If you’re attracted by the eye-catching XX, “Xtreme Xplosives” branding of these earphones, it’s likely you’ll be quite impressed by the bass response here. It’s deep and powerful for a budget IEM, and while also a bit flabby and ill-mannered, it doesn’t turn music into too thick a bassy fog.
The powerful low-end gives the JVC HAFX1X earphones that important sense of fun. Compared to the rival Ultimate Ears 200, they’re all-out good time earphones.
Performance elsewhere is less impressive. The top-end has almost as emphatic a presence as the bottom, but it tends towards sharpness and harshness more than alternatives like the popular, bassy Sennheiser CX300.
More problematic, though, is the neglected mid-range. It leaves vocals sounding flat and lacking in texture, with only the power of the treble left to paint the personality of singers’ voices.
The bass-led sound does a good job of making beat-based music sound exciting, making electronic kick drums pound convincingly. But, given more challenging material, it all starts to sound a little unnatural. A little skewed, a little hollow.

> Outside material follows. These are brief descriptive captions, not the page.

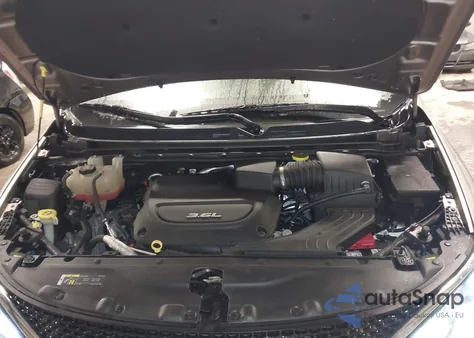 2018 Chrysler Pacifica Limited z USA, uszkodzony, nr VIN 2C4RC1GG6JR140357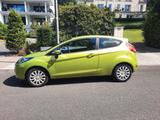 Ford Fiesta 1,3 51 kW Style Style - Ford Fiesta: Grün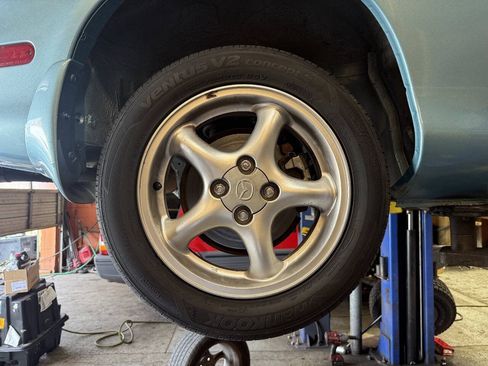 Used 2001 MAZDA MX-5 Miata RWD image 59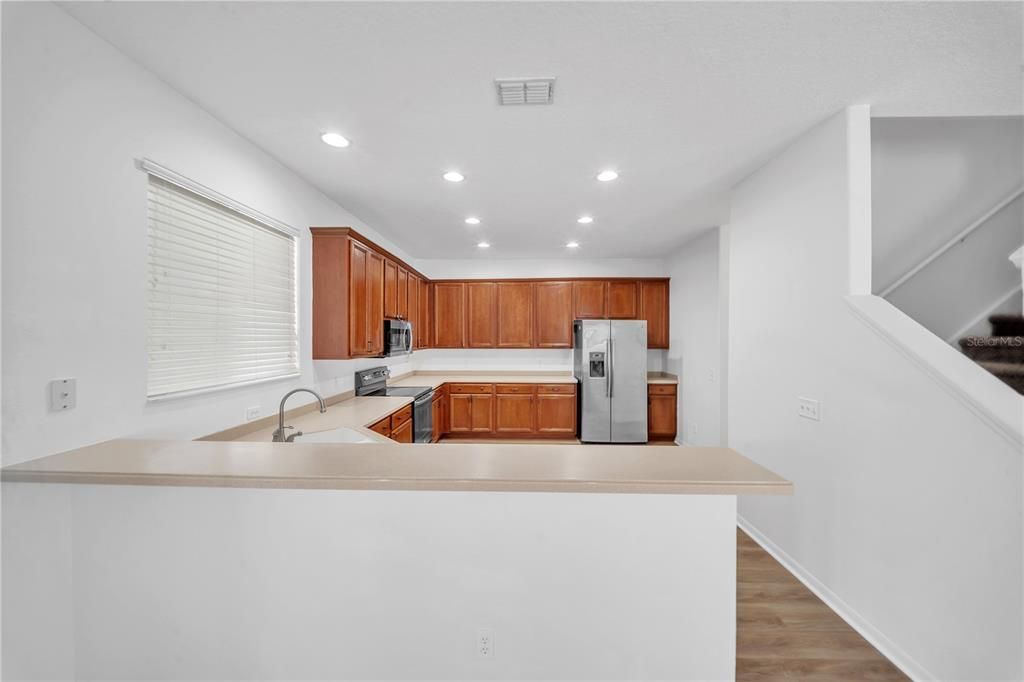 На продажу: $464,900 (3 спален, 2 ванн, 2112 Квадратных фут)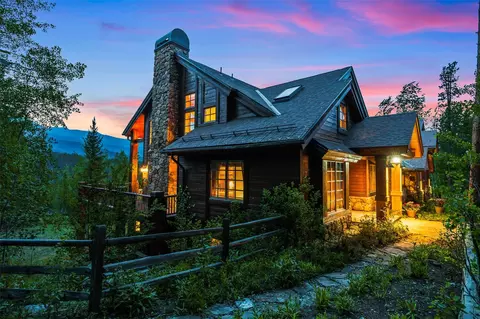 Exterior - 637 White Cloud Dr, Breckenridge, CO 80424 photo 3 of 15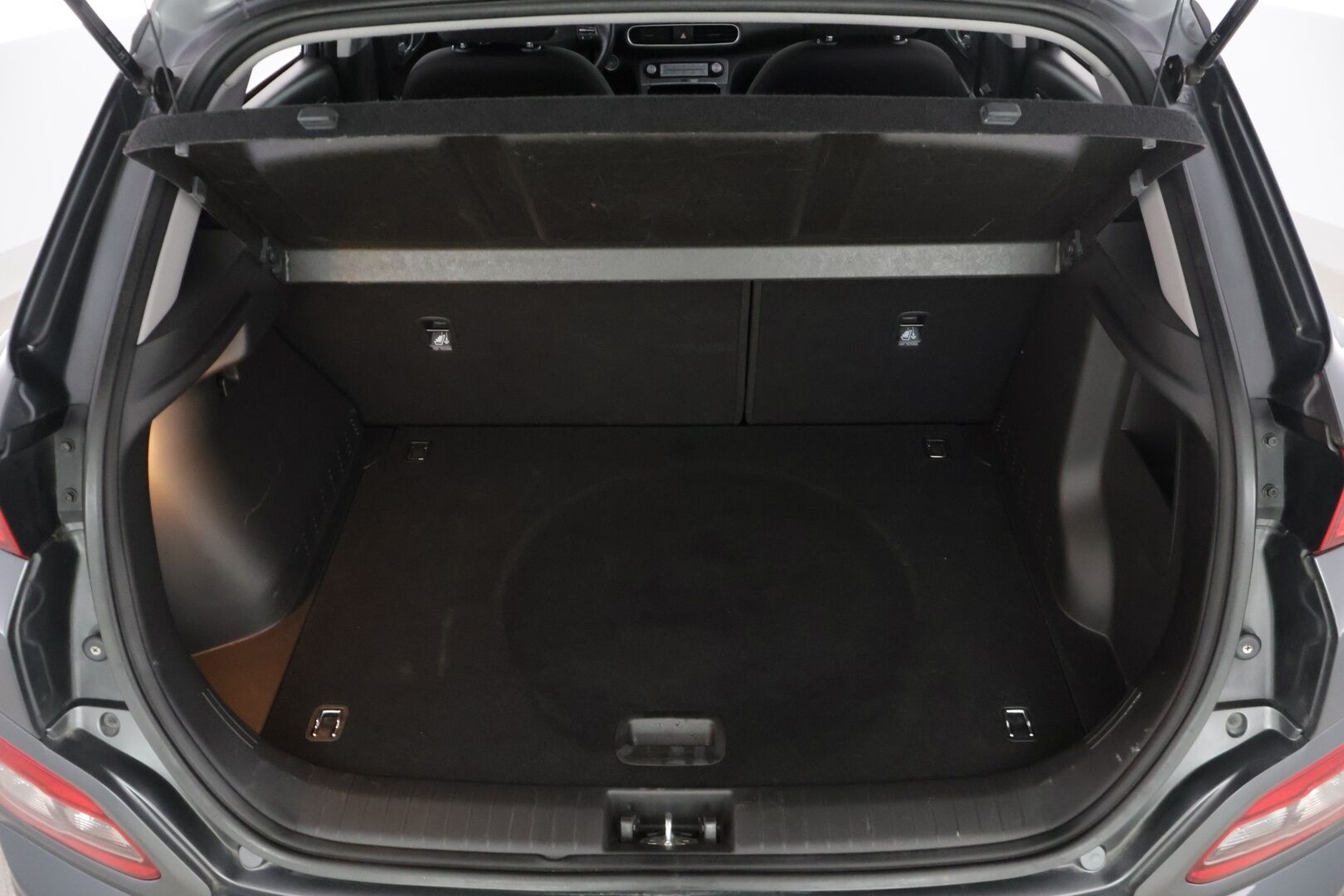 Hyundai KONA 2020 electric 39 kWh 136 hv Comfort ** Lämpöpumppu / Adapt.vakkari / P.kamera / 2x renkaat vanteilla / Carplay ** - Kaksin renkain upeassa kunnossa oleva hyvin varusteltu Suomi-auto!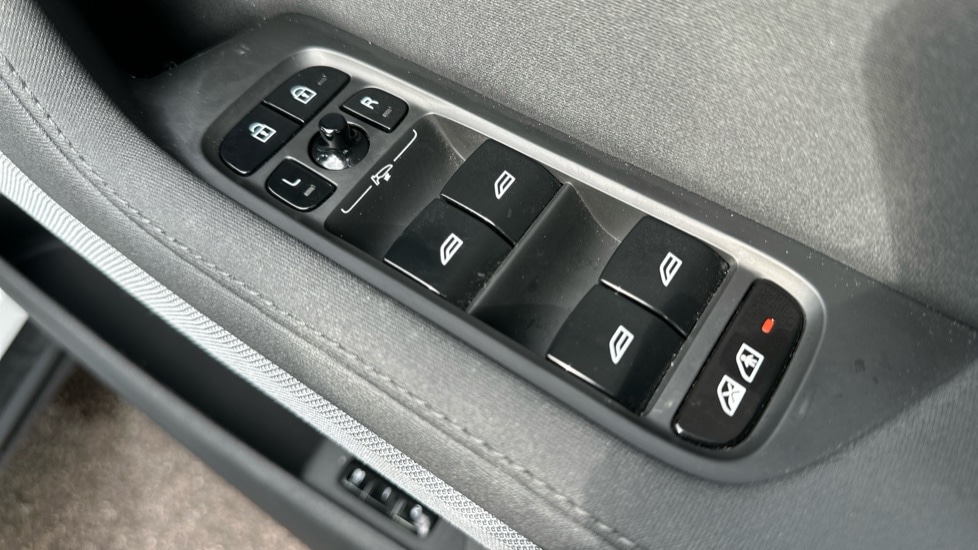 Used Polestar Polestar 2 2022 for sale - 76602969: Photo 31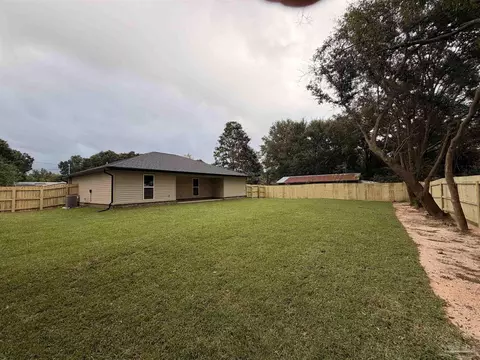 5263 Catalina St, Pace, FL 32571 photo 3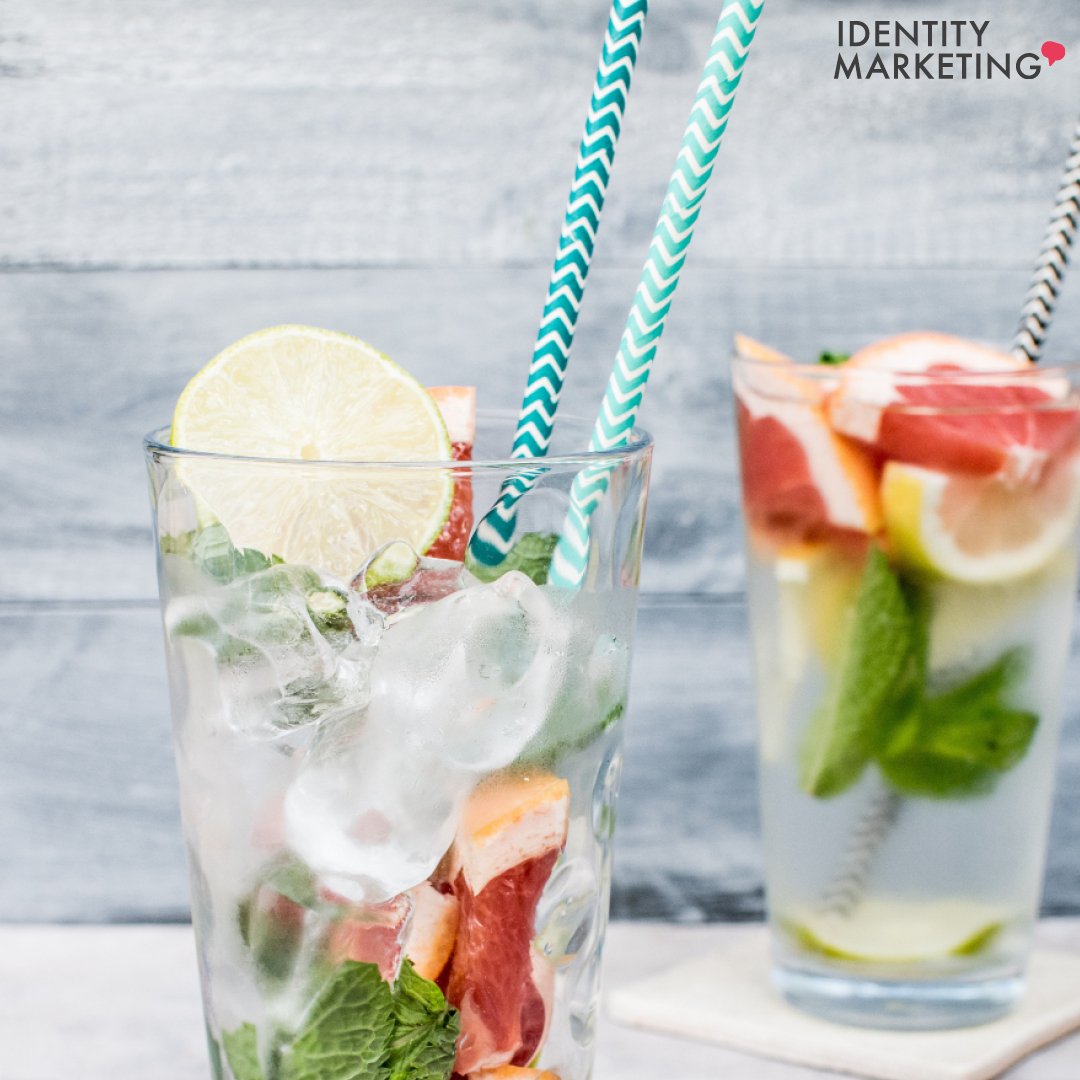 identitymark's tweet photo. #Friday and we have #Cocktails on our mind! What are you doing this #Weekend? #TGIF https://t.co/44p6Bgm6yl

Like someone trying a little too hard at a job interview or a film star with a few too many plastic surgeries under their belt, the JVC HAFX1X focus a little too much on making the right impression, where a slightly more relaxed approach would bring better results. However, these remain decent headphones at the price, and to get the step up to the next level from a respected name in audio, you will generally need to spend a little more.
If you can afford the extra, the SoundMagic E10 and Sennheiser CX 300-II are both significant upgrades, offering much more even sound balance while providing meaty bass response. Really can’t afford to leap above £20? The £15 Cresyn 415E offer a much more mature signature, with much tauter – if less voluminous – bass.
Available for under £20, the JVC HAFX1X are an obvious upgrade to freebie earphones, and from a distance they look a lot more expensive than they are too. If you’re out for the “Xtreme” bass advertised on their packaging, you’re unlikely to be disappointed by the beefy, deep bottom end, but other less try-hard pairs offer more natural, balanced sound.